Cerca de 100 ex-funcionários têm feito figuração em cenas como reuniões e assembleias. Para Nic Nilson, o filme é importante, entre outros aspectos, porque mostra a força da união de trabalhadores. “Eles gostam muito de participar porque relembram coisas que aconteceram, reencontram os amigos… Nosso objetivo é mostrar a luta, o companheirismo e essa união que foi arrastando gente e mais gente para esse projeto. O processo culminou no fechamento daquela unidade da Shell e na maior ação, no Brasil, por dano moral coletivo. Mostramos que a luta de trabalhadores consegue, muitas vezes, ultrapassar os desmandos de empresas que só pensam no lucro, que não veem, por outro ângulo, a vida das pessoas.”
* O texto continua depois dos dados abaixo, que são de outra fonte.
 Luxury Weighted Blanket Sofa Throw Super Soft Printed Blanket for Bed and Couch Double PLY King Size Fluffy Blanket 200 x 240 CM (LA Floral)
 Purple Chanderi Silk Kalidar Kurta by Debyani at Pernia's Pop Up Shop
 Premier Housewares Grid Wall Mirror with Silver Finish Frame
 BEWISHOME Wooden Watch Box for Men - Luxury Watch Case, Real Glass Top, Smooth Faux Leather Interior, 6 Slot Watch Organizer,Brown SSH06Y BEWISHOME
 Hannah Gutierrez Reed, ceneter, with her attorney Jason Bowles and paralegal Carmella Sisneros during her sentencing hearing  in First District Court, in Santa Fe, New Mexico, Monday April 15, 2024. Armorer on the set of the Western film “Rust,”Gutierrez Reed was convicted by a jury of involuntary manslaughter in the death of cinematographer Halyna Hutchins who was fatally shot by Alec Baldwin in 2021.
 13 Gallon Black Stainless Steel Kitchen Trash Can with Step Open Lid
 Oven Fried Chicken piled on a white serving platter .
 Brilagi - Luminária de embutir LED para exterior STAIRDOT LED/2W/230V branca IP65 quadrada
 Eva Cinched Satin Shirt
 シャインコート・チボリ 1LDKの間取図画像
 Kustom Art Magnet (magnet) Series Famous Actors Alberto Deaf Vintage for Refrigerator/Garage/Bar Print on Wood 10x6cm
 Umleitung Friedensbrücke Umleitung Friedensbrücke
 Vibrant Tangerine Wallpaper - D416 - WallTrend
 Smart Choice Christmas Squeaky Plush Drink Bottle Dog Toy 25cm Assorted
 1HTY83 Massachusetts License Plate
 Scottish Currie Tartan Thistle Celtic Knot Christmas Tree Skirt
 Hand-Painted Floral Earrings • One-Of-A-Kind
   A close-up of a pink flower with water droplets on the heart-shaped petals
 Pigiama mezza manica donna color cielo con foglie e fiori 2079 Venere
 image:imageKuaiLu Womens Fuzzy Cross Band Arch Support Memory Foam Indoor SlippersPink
Segundo Antonio, além de todos os problemas de saúde, os trabalhadores tiveram de enfrentar o deboche dos que achavam que essa era uma batalha perdida. “Na primeira gravação, participei como figurante. Eu me sinto contemplado tanto com o filme como com o acordo porque muita gente não acreditava na nossa luta. Sofremos muitas críticas, deboche. Diziam: ‘Vocês não vão ganhar nada, a Shell vai comprar a Justiça’. Nos chamavam de vagabundos. E hoje, depois do acordo, de vagabundos passamos a heróis.”
Depois do acordo que garante atendimento médico e indenizações, esses trabalhadores poderiam considerar a batalha ganha e parar por aí. “Estamos no século 21 e temos de encontrar uma saída para não usar mais os agrotóxicos. Eles fazem vítimas no campo, na indústria e na cadeia alimentar, e não é de forma perceptível. Às vezes as pessoas desenvolvem doenças e nem sabem por quê”, afirma o ex-funcionário.